The most exciting aspect of Gigabit LTE is that capable phones can be used on existing networks. More Gigabit LTE mobile users on a network corresponds to lesser network resources required for each user, which further corresponds to an improved network for all. Therefore, Gigabit LTE devices will make 4G networks more efficient.
In 2017, T-Mobile carried out live demos over its network in the US that validated better network performance as well as faster speeds. The smartphone having a gigabit modem downloaded a file 2.4 times faster than the phone having a Cat-12 modem.
What Gigabit LTE devices are available?
In terms of devices, Gigabit LTE implies LTE Category 16 (Cat-16) that was introduced in Release 12 of 3GPP (largely completed in 2015). At present, Cat-18 is a frontline term featuring a theoretical peak download speed of 1.2Gbps. In general, they are paired with Cat-13 that provides a theoretical peak upload speed of 150Mbps.
In February 2016, Qualcomm rolled out the world’s first Gigabit LTE modem dubbed Snapdragon X16, which supports download speeds of up to 1Gbps with three-carrier aggregation, 4×4 MIMO, and 256-QAM. The modem was introduced in NETGEAR Nighthawk M1 mobile router, which was slated to be the first commercially available Gigabit LTE device.
In February 2017, Qualcomm announced the Snapdragon X20, as the world’s first Cat-18 modem, which supported up to 5x CA and was 20% faster as compared to the first generation. The modem can provide a peak download speed of up to 1.2Gbps and help telecom operators to provide Gigabit LTE with only 10MHz of licensed spectrum.
Qualcomm dominates the global gigabit chips market; however, it is now getting formidable competition from other chip makers, including Samsung and Intel.
In April 2016, Samsung unveiled the Galaxy S8, the world’s first Gigabit LTE capable smartphone, and it sold like hot cakes.
Sony, HTC, LG, and Motorola have all launched Gigabit LTE-capable smartphones now.

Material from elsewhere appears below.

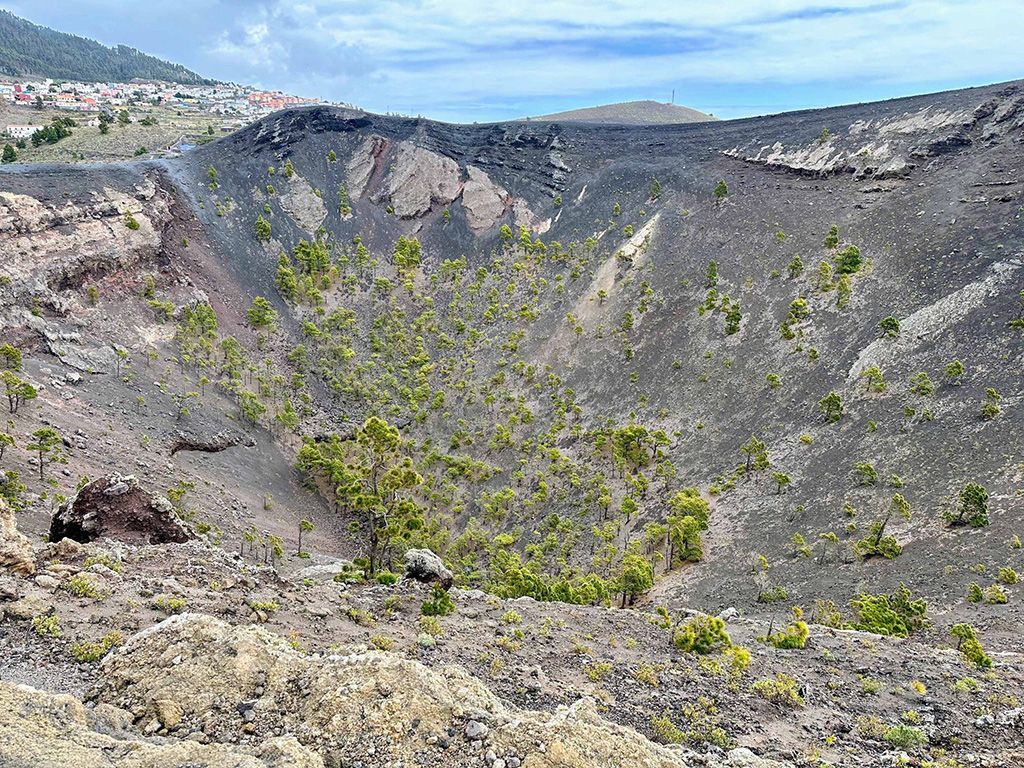crater volcan de san antonio crater del volcan san antonio en la palma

Apple deploys Qualcomm’s standalone modems rather than the Snapdragon; however, it disappointed many in autumn 2017 when its iPhones 8 and X were rolled out with no gigabit modems. The company, however, fixed the issue a year later with the launch of iPhone XS and XS Max. In the US, the latest iPhones showed an average download speed of 64.79Mbps than 27.86Mbps with the iPhone X.